** Extracted material **

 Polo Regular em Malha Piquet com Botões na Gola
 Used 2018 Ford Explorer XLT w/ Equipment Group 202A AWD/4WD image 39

* * *

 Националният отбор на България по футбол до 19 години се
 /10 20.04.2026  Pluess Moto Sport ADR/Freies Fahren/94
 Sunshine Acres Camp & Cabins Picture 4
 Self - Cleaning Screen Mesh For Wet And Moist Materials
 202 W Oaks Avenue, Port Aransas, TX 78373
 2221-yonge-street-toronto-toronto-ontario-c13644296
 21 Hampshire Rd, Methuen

** Problem description **
Looking at the data above, write out exactly the lines that start at the one containing "Sunshine Acres Camp & Cabins Picture 4" and end at the one containing "21 Hampshire Rd, Methuen"; include both and nothing beyond.

** Solution for this task **
 Sunshine Acres Camp & Cabins Picture 4
 Self - Cleaning Screen Mesh For Wet And Moist Materials
 202 W Oaks Avenue, Port Aransas, TX 78373
 2221-yonge-street-toronto-toronto-ontario-c13644296
 21 Hampshire Rd, Methuen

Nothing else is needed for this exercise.